**PROBLEM STATEMENT**: Please reproduce the data below exactly, from the first line to the last.

**DATA SHOWN**:
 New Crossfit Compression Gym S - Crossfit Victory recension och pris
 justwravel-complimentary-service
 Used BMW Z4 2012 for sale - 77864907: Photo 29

**THE COMPLETED TASK**:
 New Crossfit Compression Gym S - Crossfit Victory recension och pris
 justwravel-complimentary-service
 Used BMW Z4 2012 for sale - 77864907: Photo 29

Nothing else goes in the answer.